For how to deploy, see Deployment / Kubernetes.
Topology
┌─────────────────┐
│ JobManager │
│ (in server) │
└────────┬────────┘
│ gRPC
┌──────────────┼──────────────┐
↓ ↓ ↓
┌──────────┐ ┌──────────┐ ┌──────────┐
│ TaskMgr │ │ TaskMgr │ │ TaskMgr │
│ Slot 1 │ │ Slot 1 │ │ Slot 1 │
│ Slot 2 │ │ Slot 2 │ │ Slot 2 │
└──────────┘ └──────────┘ └──────────┘
│ │ │
└──────────────┼──────────────┘
↓
Object Storage
(checkpoints)
Components
| Component | Where | Role |
|---|---|---|
| JobManager | Embedded in fungi-server | Schedules tasks, coordinates checkpoints |
| TaskManager | Separate process | Executes tasks, sends heartbeats |
| Scheduler | In JobManager | Assigns tasks to slots |
Control Plane (gRPC)
| RPC | Purpose |
|---|---|
RegisterTaskManager | TaskManager joins cluster |
Heartbeat | Liveness check |
DeployTask / CancelTask | Task lifecycle |
TriggerCheckpoint / AcknowledgeCheckpoint | Checkpoint coordination |
Data Plane (gRPC streaming)
| Channel | Use Case |
|---|---|
LocalChannel | Same TaskManager (in-process) |
RemoteChannel | Cross-TaskManager (gRPC) |
| Partitioner | Use Case |
|---|---|
RoundRobin | Load balancing |
KeyBy | Group by key columns |
Broadcast | Send to all (joins) |
Checkpointing
Barriers flow inline with data:
Source-1 ──[data][barrier][data]──→ Operator
Source-2 ──[data][data][barrier]──→ Operator
↓
Wait for ALL barriers
Snapshot state
Forward barrier
States: Triggered → WaitingForAck → Committing → Completed
Exactly-Once
Two-phase commit for sinks:
- Prepare — buffer data
- Commit — make visible after checkpoint complete
- Abort — discard if checkpoint fails
Recovery:
- JobManager detects failure (missed heartbeats)
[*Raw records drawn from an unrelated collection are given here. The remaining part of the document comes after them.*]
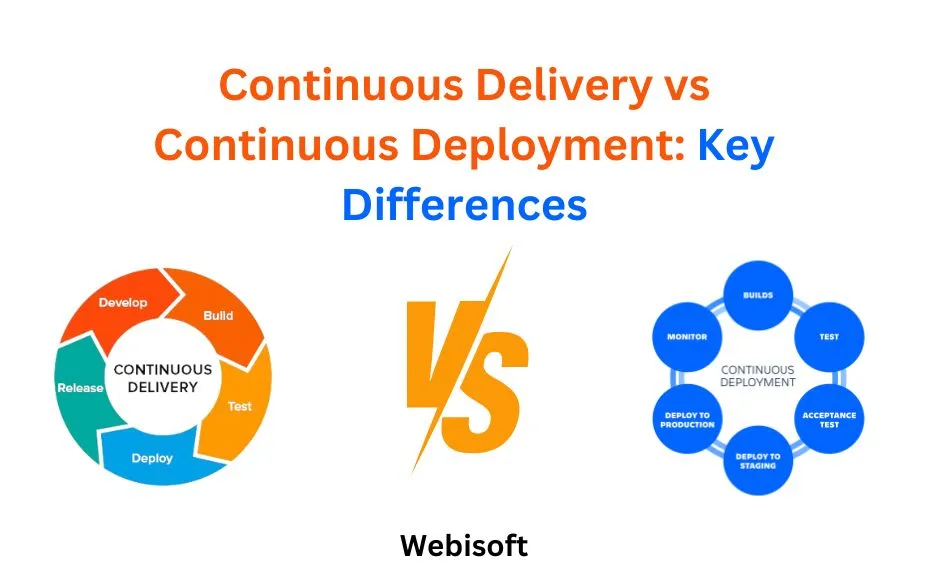 Continuous Delivery vs Continuous Deployment: Key Differences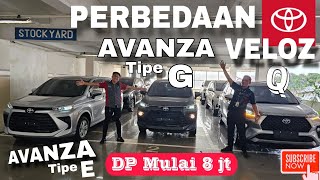 New Toyota AVANZA VELOZ 2023 2024 lagi Harga PROMO DP MURAH Ajaa [upl. by Dinse385]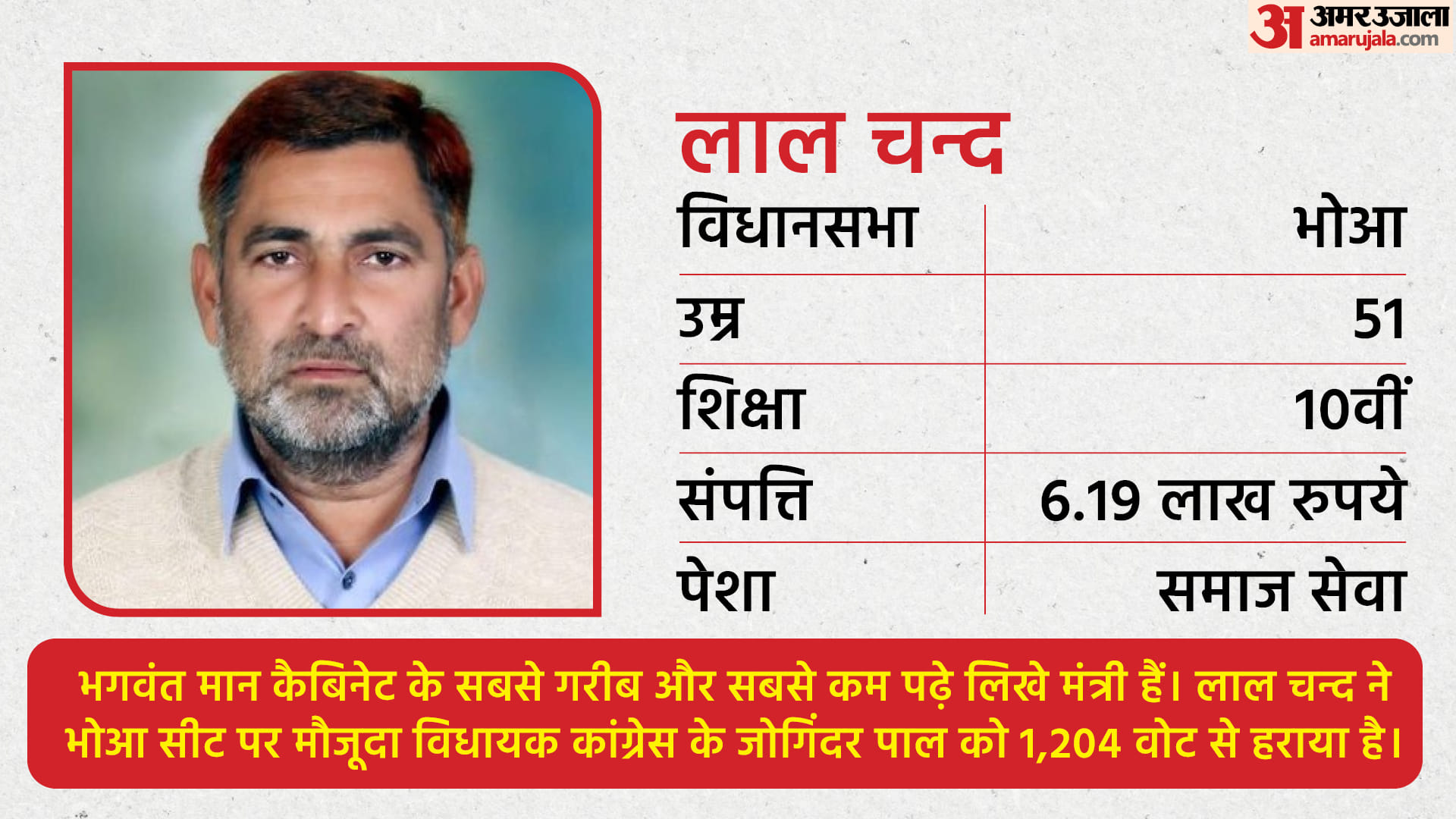 मान कैबिनेट के सबसे गरीब मंत्री हैं लाल चन्द।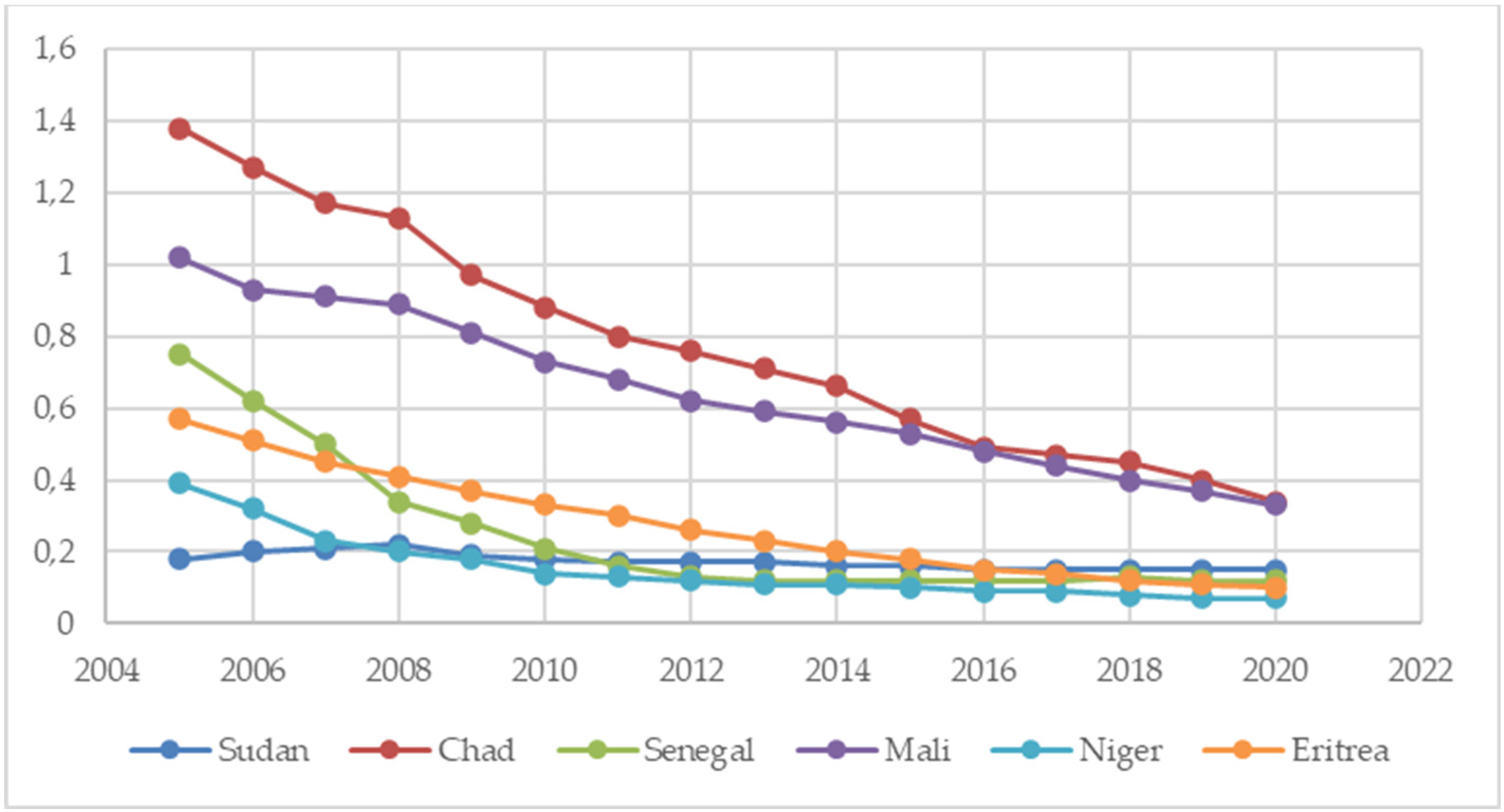 Sustainability 16 02109 g006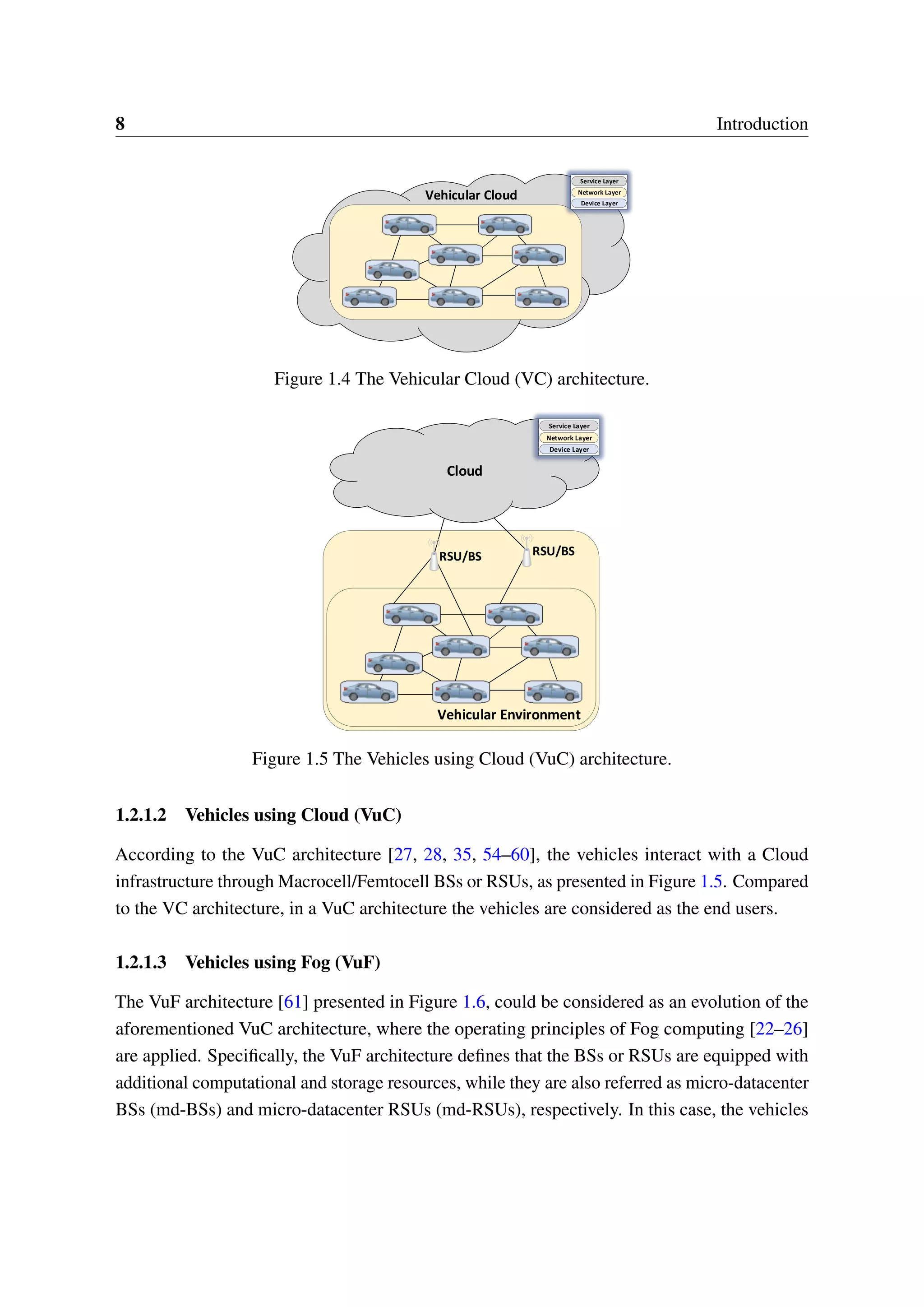 8 Introduction
Vehicular Cloud
Service Layer
Network Layer
Device Layer
Service Layer
Network Layer
Device Layer
Service Layer
Network Layer
Device Layer
Figure 1.4 The Vehicular Cloud (VC) architecture.
Vehicular Environment
Cloud
RSU/BS RSU/BS
Service Layer
Network Layer
Device Layer
Service Layer
Network Layer
Device Layer
Service Layer
Network Layer
Device Layer
Figure 1.5 The Vehicles using Cloud (VuC) architecture.
1.2.1.2 Vehicles using Cloud (VuC)
According to the VuC architecture [27, 28, 35, 54–60], the vehicles interact with a Cloud
infrastructure through Macrocell/Femtocell BSs or RSUs, as presented in Figure 1.5. Compared
to the VC architecture, in a VuC architecture the vehicles are considered as the end users.
1.2.1.3 Vehicles using Fog (VuF)
The VuF architecture [61] presented in Figure 1.6, could be considered as an evolution of the
aforementioned VuC architecture, where the operating principles of Fog computing [22–26]
are applied. Specifically, the VuF architecture defines that the BSs or RSUs are equipped with
additional computational and storage resources, while they are also referred as micro-datacenter
BSs (md-BSs) and micro-datacenter RSUs (md-RSUs), respectively. In this case, the vehicles
 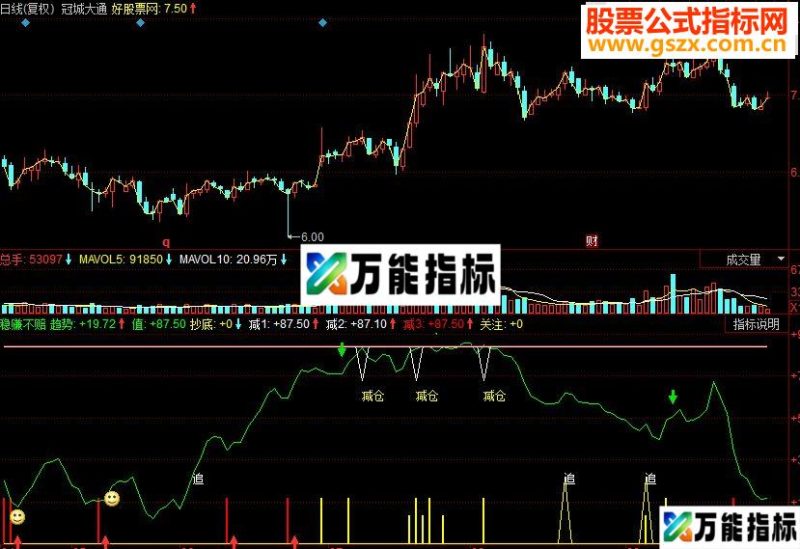 同花顺稳赚不赔副图源码 EA-万能指标公式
- Reload state from last checkpoint
- Resume from checkpoint position
API
#![allow(unused)] fn main() { use fungi_scheduler::{JobGraph, Scheduler, JobVertex}; use fungi_cluster::checkpoint::CheckpointCoordinator; let mut graph = JobGraph::new("my-job"); graph.add_vertex(JobVertex::new("source", "kafka_source", 2)); graph.add_vertex(JobVertex::new("sink", "kafka_sink", 1)); graph.add_edge("source", "sink", PartitionType::Forward); let mut scheduler = Scheduler::new(); scheduler.register_task_manager("tm-1", 4, 4096, 4); scheduler.submit_job(graph)?; let deployments = scheduler.schedule()?; let coordinator = CheckpointCoordinator::new(storage, 60_000); let checkpoint_id = coordinator.trigger_checkpoint("job-1", 3).await; }
Troubleshooting
| Issue | Check |
|---|---|
| TaskManager not registering | JobManager reachable? port 50052 open? |
| Checkpoints fail | Storage reachable? Disk space? |
| Tasks not scheduling | Free slots? Job graph valid? |